O primeiro programa de compactação de Phil Katz foi o PKARC, usado pela rapaziada ainda na década de 80, nos tempos dos BBS. A primeira vez que vi o bicho rodando fiquei estupefato com a taxa de compressão. Por ter usado um algoritmo que não era seu, Phil acabou levando na cabeça e foi processado pela empresa System Enhancements Associates, que produzia um produto similar mas muito pior, chamado SEA-ARC, que logo caiu no esquecimento geral. Naquele tempo ainda era comum que alguém ou uma empresa saisse processando deus e o mundo, cobrando direitos sobre um formato de arquivo, no caso, a extensão ".ARC".

Mas o troco veio rápido: a comunidade dos BBS deu o maior apoio ao Phil, inclusive com grana, e graças a isso ele acabou bolando um formato mais eficiente que foi a base do desenvolvimento do PKZIP.

Phil fundou a empresa PKWARE <www.pkware.com> em 1986 e, desde então, muito Sysop de BBS virou noites e noites convertendo todas as bases de arquivos compactados para o novo e revolucionário formato. A especificação do padrão ZIP foi entregue pelo autor ao domínio público, daí seu estrondoso sucesso. As circunstâncias tristes da morte de Phil Katz fizeram com que a PKWARE não entrasse em detalhes sobre o falecimento do camarada. Até os jornais locais preferiram pegar leve.

Sua morte se deu pouco tempo depois do desaparecimento de outro grande nome da compressão de arquivos, David Huffman. Segundo a irmã de Phil, Cynthia, e seus colegas na faculdade de Engenharia de Computação da Universidade de Wisconsin em Milwaukee <www.uwm.edu>, Phil era um bom sujeito e tinha muitos amigos. Começou como hacker, especializado em compressão de arquivos, uma área da informática cheia de algoritmos cabeludos e matemática intricada.

Foi um dos primeiros a abrir um formato de arquivo para a massa e convidar a comunidade a usá-lo à vontade. Permitiu que muita gente economizasse na conta telefônica, pois um arquivo zipado é muito mais rápido de transmitir via modem. Os desenvolvedores do ZLIB e o próprio Nico Mac (autor do WinZip) se apoiaram nas idéias e no padrão cucado pelo Phil.

Nos newsgroups especializados da Usenet a gente fica até tocado com a consternação do pessoal pela tragédia ocorrida com Phil Katz. Prova disso foi a repercussão de uma desnecessária observação feita por um tal Dr.

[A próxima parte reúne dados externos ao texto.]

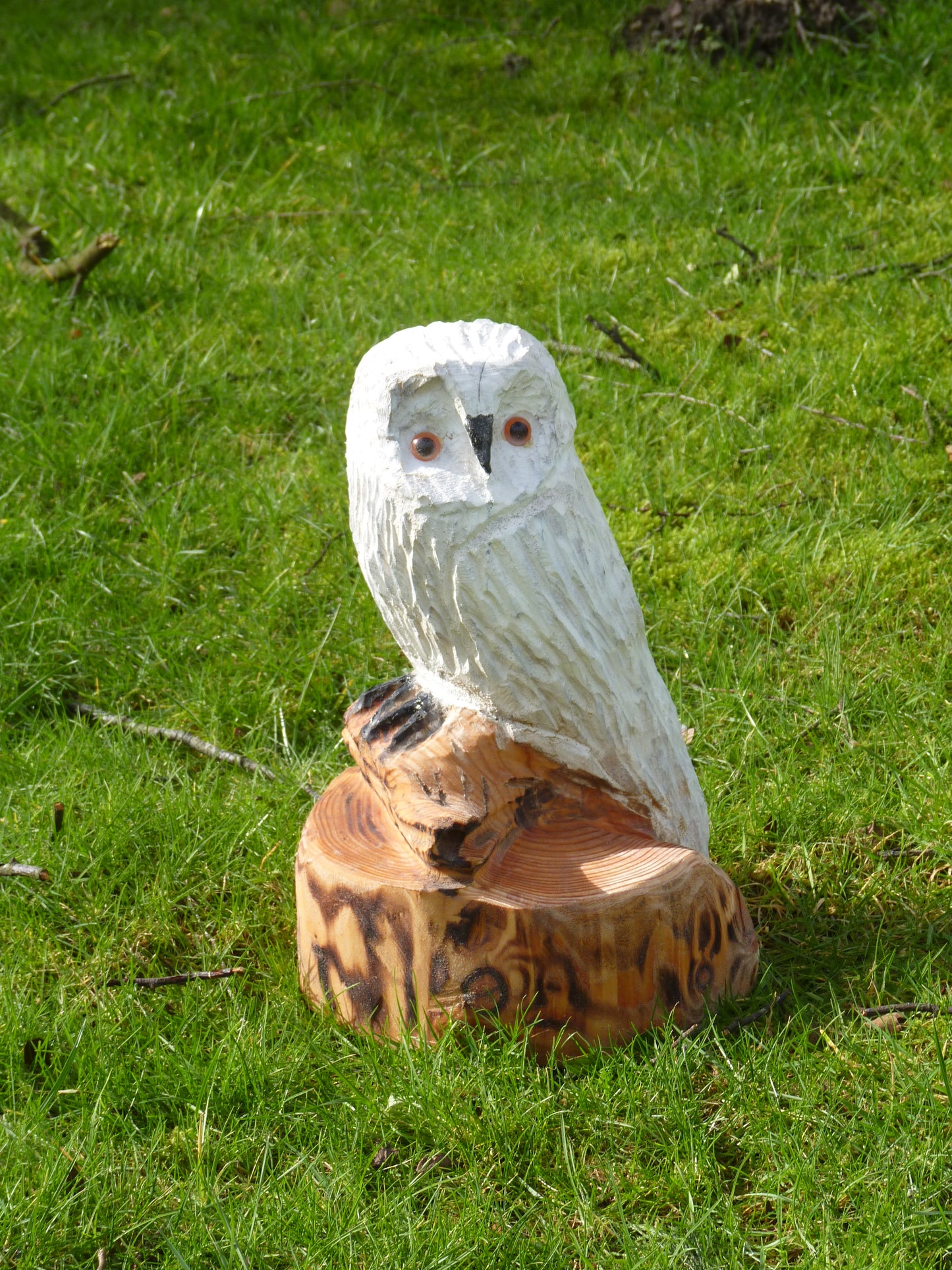 1 Chainsaw carved Snow Owl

Jai Maharaj <www.mantra.com/jyotish>, que desencavou uma carta que o Phil havia escrito para ele em por volta de 1990 criticando o estilo de vida saudável e vegetariano do doutor hindú, e declarando que tal dieta era inadequada para o ser humano. O tom do comentário do Jai foi do tipo "Viu só? Falou mal de mim e agora taí, morto por bebida". O efeito desta amarga missiva foi imediato e bem violento. Desnecessário dizer que a turma caiu de paulada em cima do infeliz.

Faço minhas as palavras de um fã anônimo do inventor do PKZIP: "Fique bem, Phil Katz. Deslize suavemente pra dentro do grande além. Você arrebentou, meu chapa. Deu-nos um grande presente e melhorou um pouquinho a nossa vida e nosso planeta digital. Lembraremos sempre do que você fez e de como o fez. Tenha paz!"